Exercise objective:
All of the data, word for word and free of pictures, is the expected result.

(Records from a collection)
■ ■ ■ ■
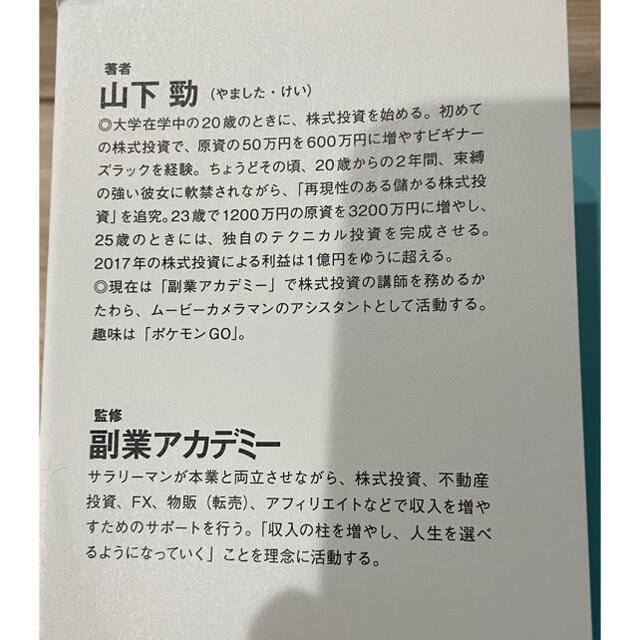 見習いカメラマンのけいくんが年収１億円を稼ぐ月３分投資 エンタメ/ホビーの本(ビジネス/経済)の商品写真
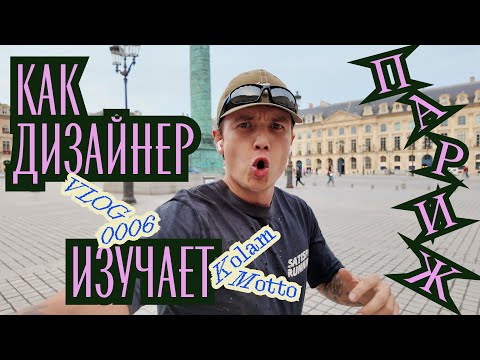 Видео: Как дизайнер изучает Париж / Уличная типографика / Ностальгия / Обзор Kolam / Новый магазин Motto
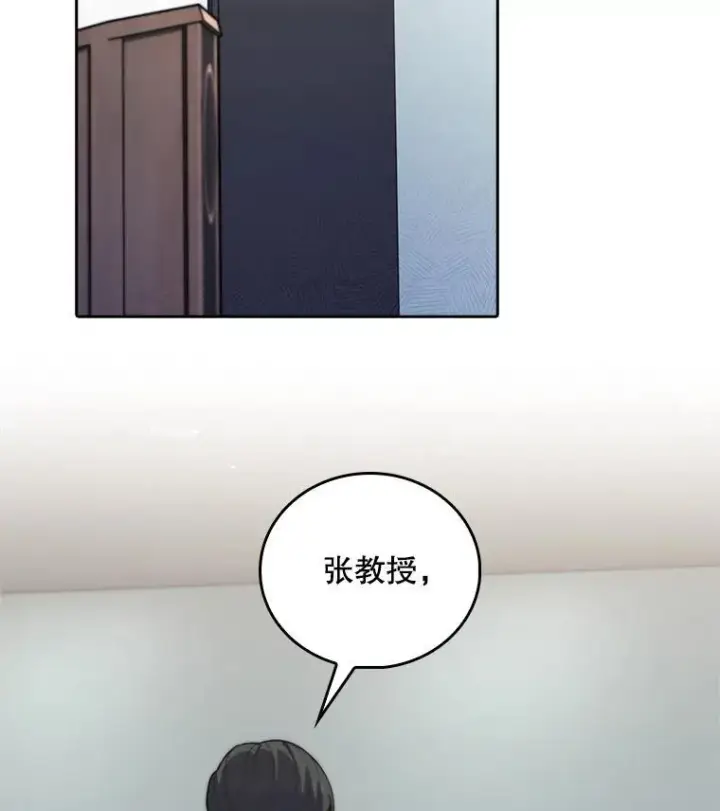《升级医生崔基石》72.争执图37
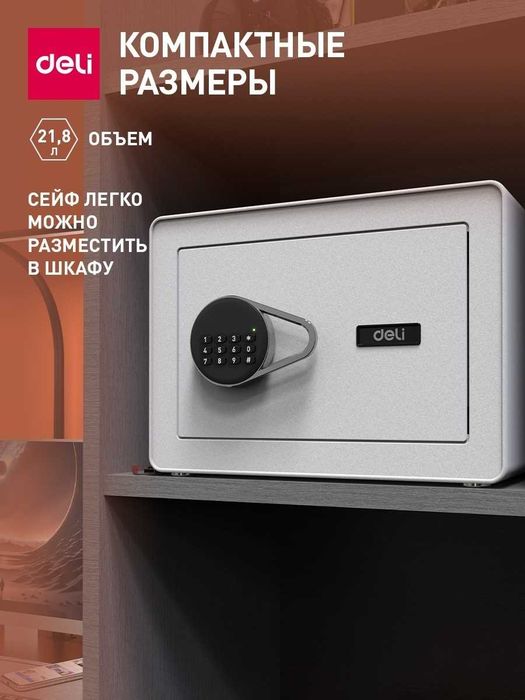Сейф DELI ET541 ключевой, электронный замок (350х250х250 мм) 8,5 кг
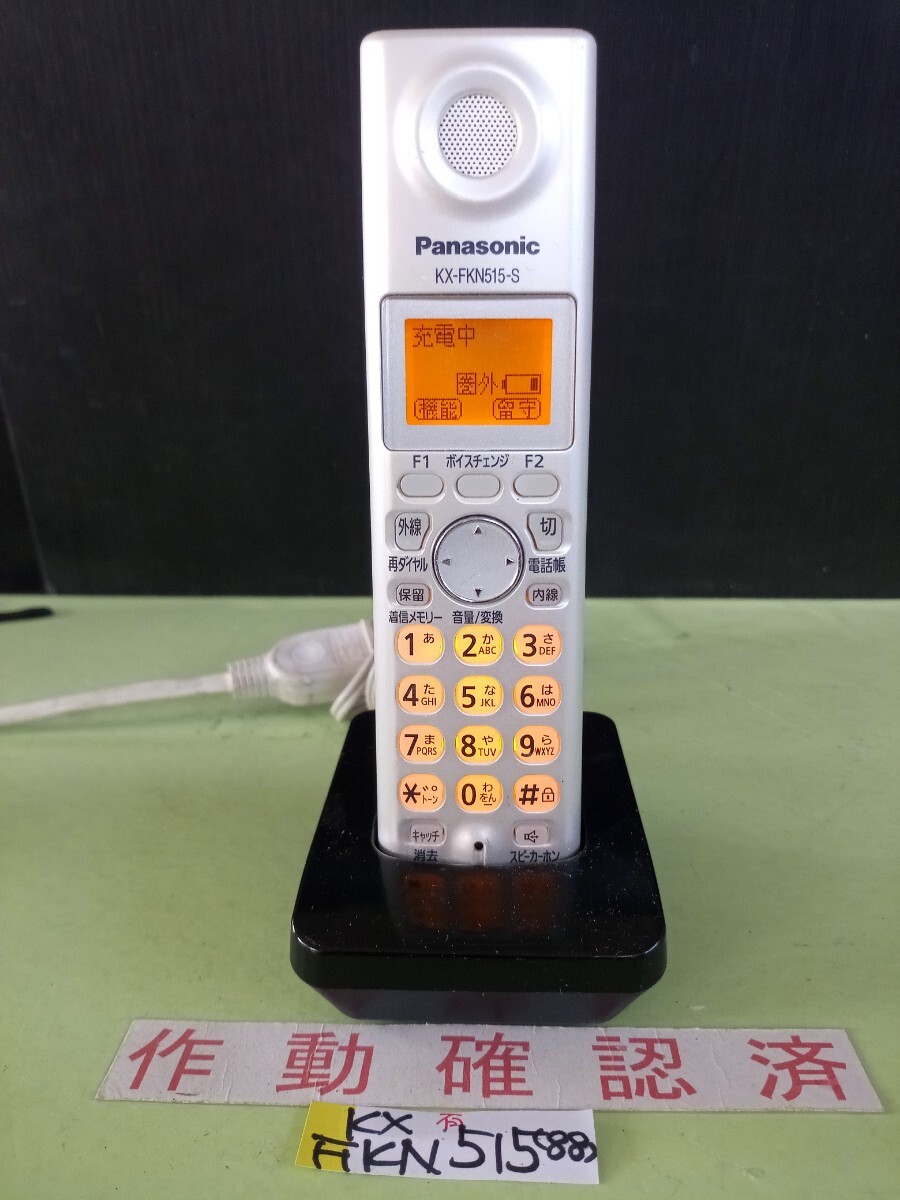 美品 作動確認済 パナソニック 電話子機 KX-FKN515-S (88) 送料無料 専用充電器付属 黄ばみ色あせ無し拍卖
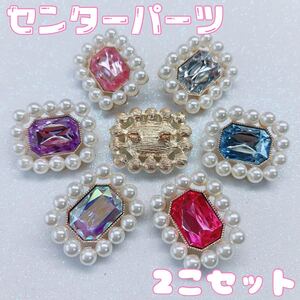 パール付きストーンボタン ビジュー センターパーツ
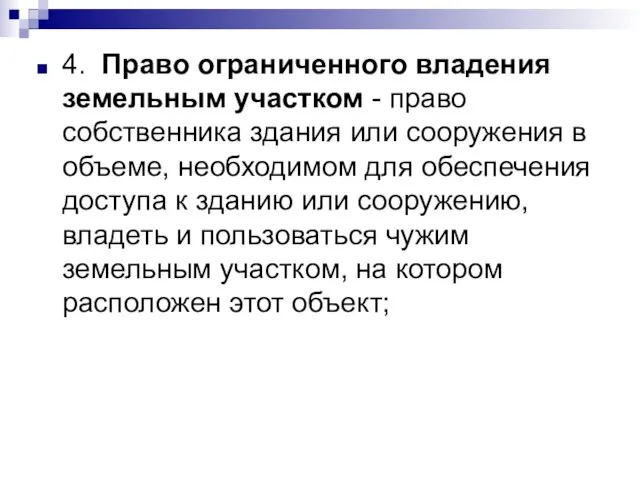 4. Право ограниченного владения земельным участком - право собственника здания или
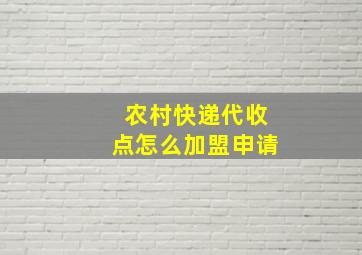 农村快递代收点怎么加盟申请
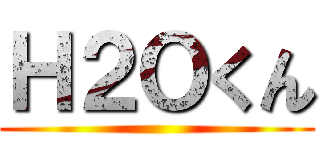 Ｈ２Ｏくん ()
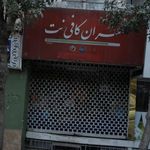 کافی نت نشر امید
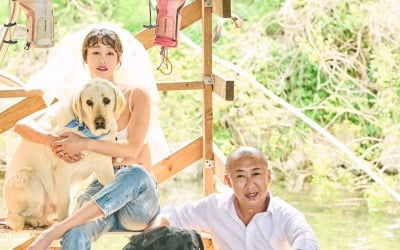 최여진, 연말 안타까운 소식 전했다…"이별이란 힘든 시기 보내"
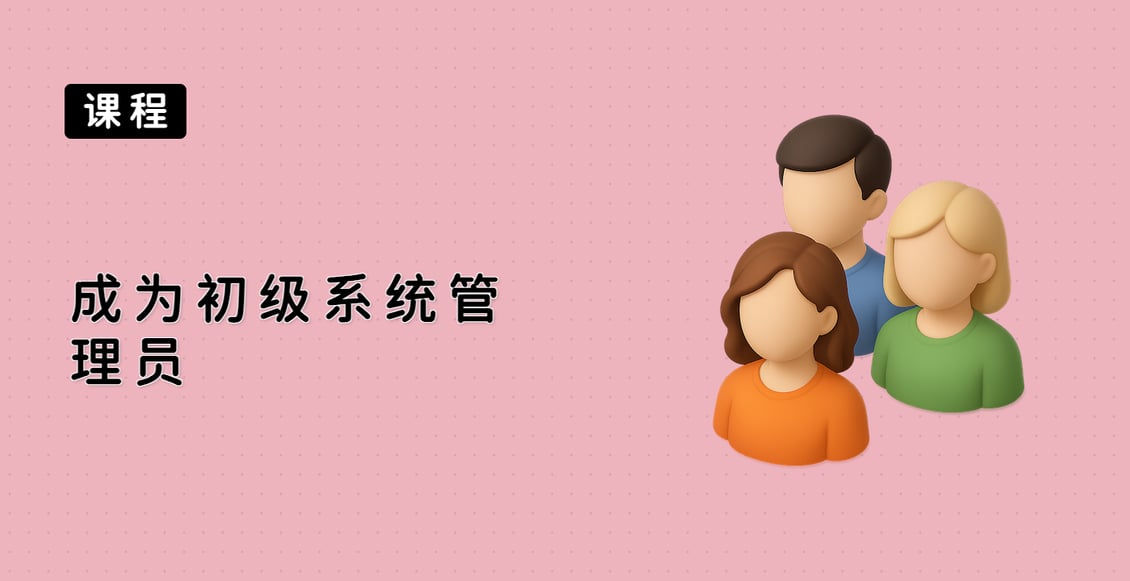 成为初级系统管理员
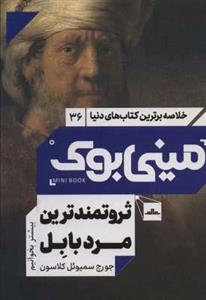 مینی بوک36:ثروتمندترین مرد بابل (خلاصه برترین کتاب های دنیا)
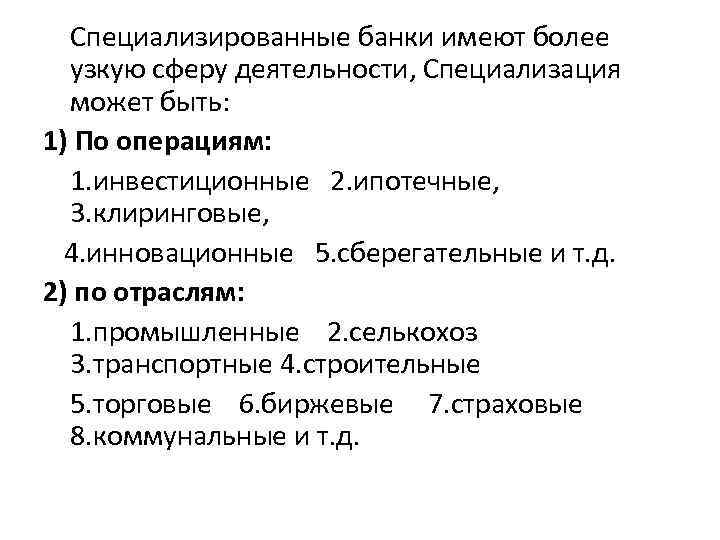 Специализированные банки имеют более узкую сферу деятельности, Специализация может быть: 1) По операциям: 1.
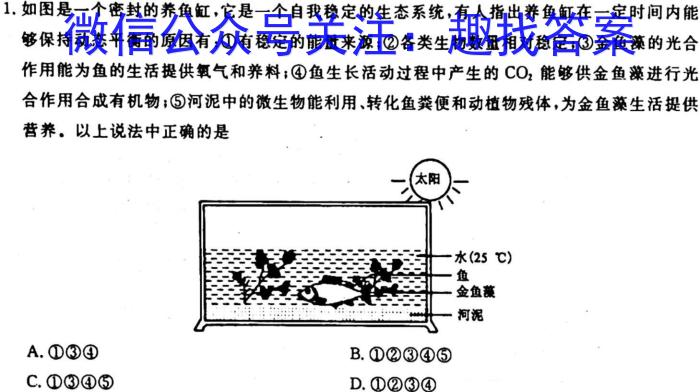 2023届九师联盟高三年级3月联考（老高考）生物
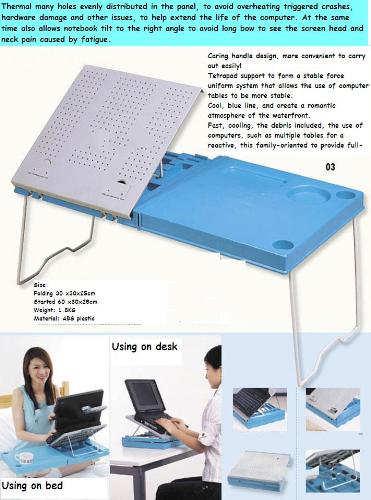 My Adjustable Folding computer laptop desk 1 - Adjustable Folding computer laptop desk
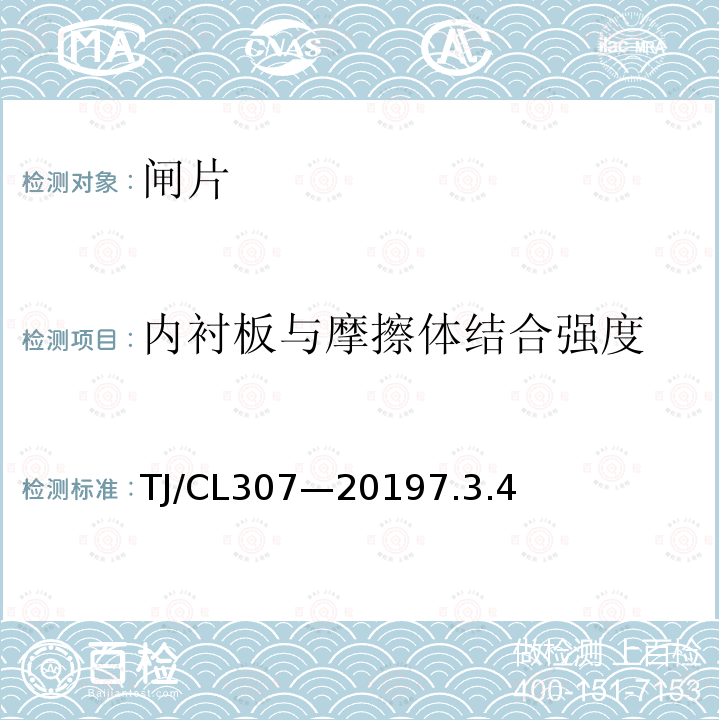 内衬板与摩擦体结合强度 TJ/CL307—20197.3.4 动车组闸片暂行技术条件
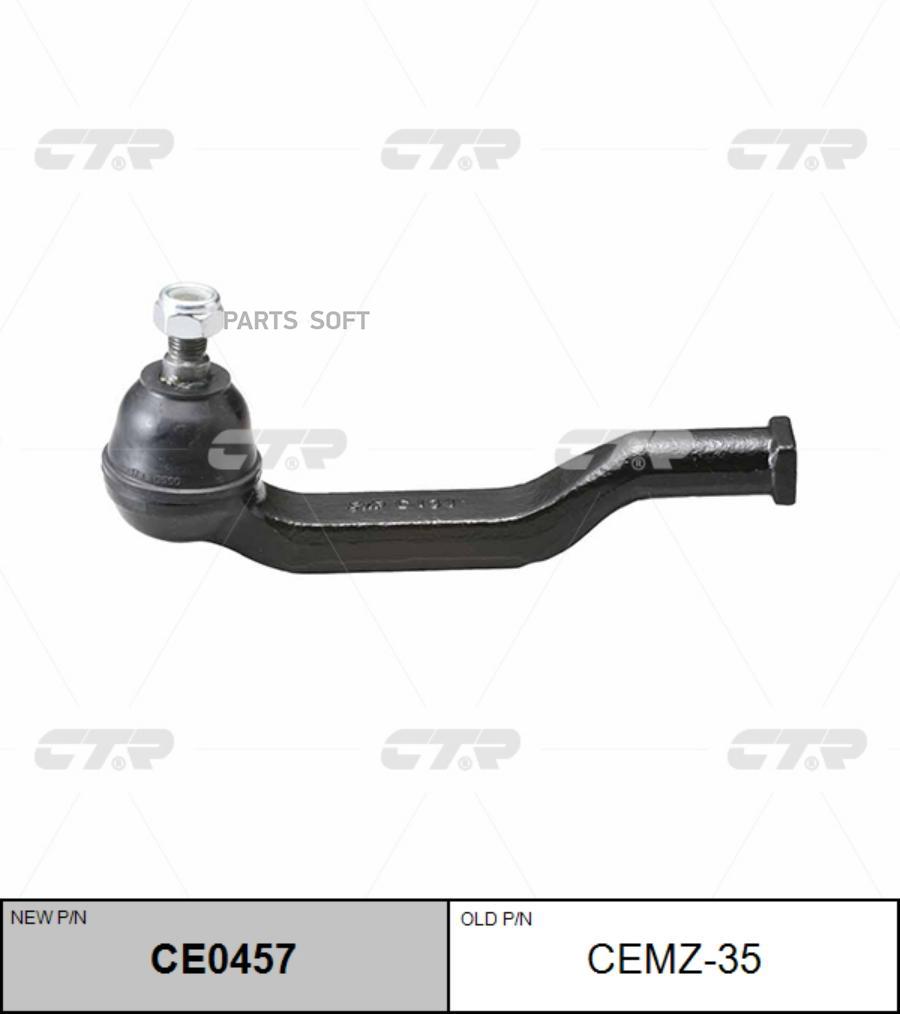 Наконечник Рулевой Тяги Mazda Mpv I (95-99) (Нов Арт Ce0457) Cemz-35 CTR арт. CEMZ-35
Наконечник Рулевой Тяги Mazda Mpv I (95-99) (Нов Арт Ce0457) Cemz-35 CTR арт. CEMZ-35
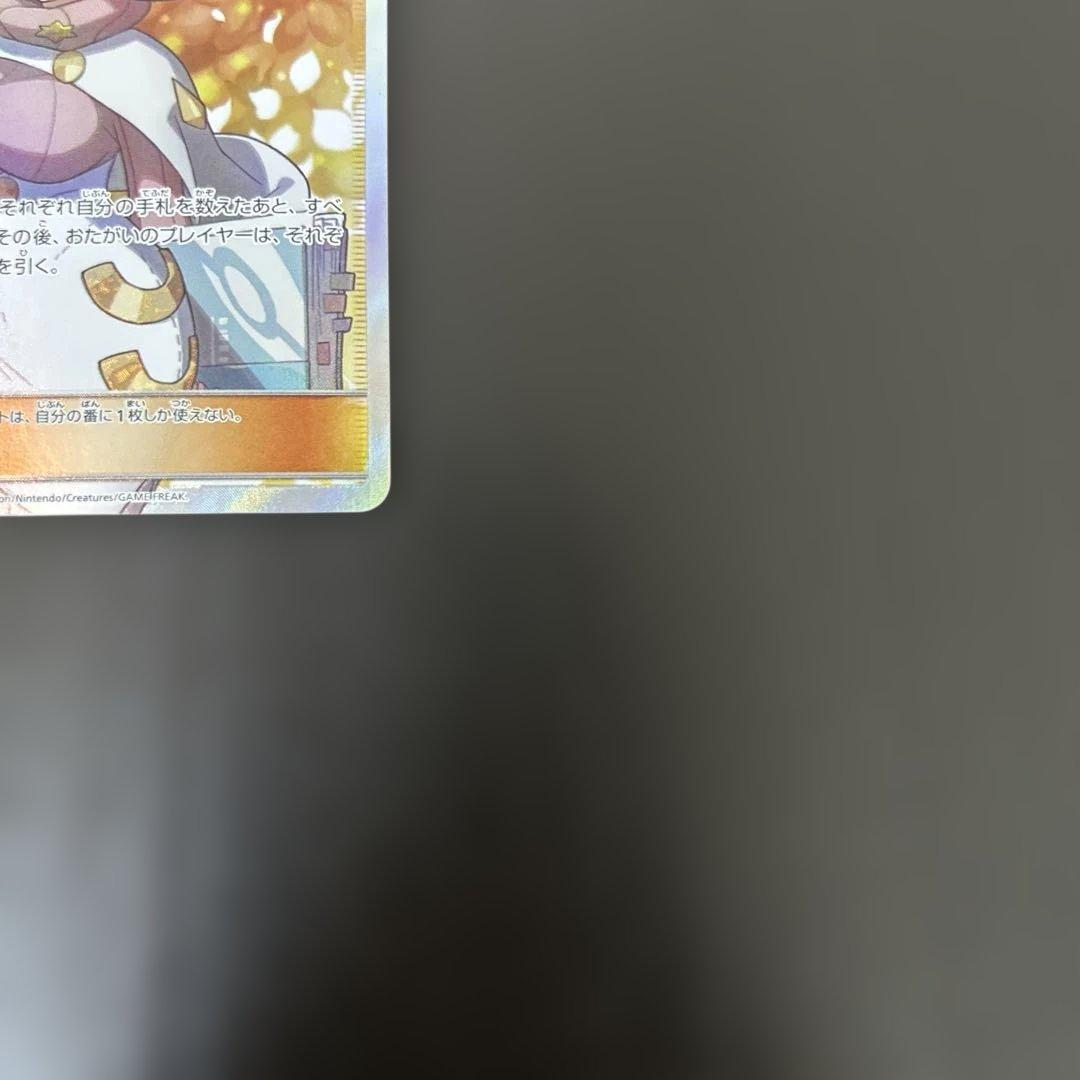 ビッケ　sr 汎用　ゲリラ　サポート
■ ■ ■ ■
Answer area:
 見習いカメラマンのけいくんが年収１億円を稼ぐ月３分投資 エンタメ/ホビーの本(ビジネス/経済)の商品写真
 Видео: Как дизайнер изучает Париж / Уличная типографика / Ностальгия / Обзор Kolam / Новый магазин Motto
《升级医生崔基石》72.争执图37
Сейф DELI ET541 ключевой, электронный замок (350х250х250 мм) 8,5 кг
 美品 作動確認済 パナソニック 電話子機 KX-FKN515-S (88) 送料無料 専用充電器付属 黄ばみ色あせ無し拍卖
 パール付きストーンボタン ビジュー センターパーツ
 4. Право ограниченного владения земельным участком - право собственника здания или
 农村快递代收点怎么加盟申请
 Ｈ２Ｏくん ()
 کافی نت نشر امید
 최여진, 연말 안타까운 소식 전했다…"이별이란 힘든 시기 보내"
 成为初级系统管理员
 مینی بوک36:ثروتمندترین مرد بابل (خلاصه برترین کتاب های دنیا)
 Специализированные банки имеют более узкую сферу деятельности, Специализация может быть: 1) По операциям: 1.
 2023届九师联盟高三年级3月联考（老高考）生物
 My Adjustable Folding computer laptop desk 1 - Adjustable Folding computer laptop desk
 内衬板与摩擦体结合强度 TJ/CL307—20197.3.4 动车组闸片暂行技术条件
 Наконечник Рулевой Тяги Mazda Mpv I (95-99) (Нов Арт Ce0457) Cemz-35 CTR арт. CEMZ-35
Наконечник Рулевой Тяги Mazda Mpv I (95-99) (Нов Арт Ce0457) Cemz-35 CTR арт. CEMZ-35
 ビッケ　sr 汎用　ゲリラ　サポート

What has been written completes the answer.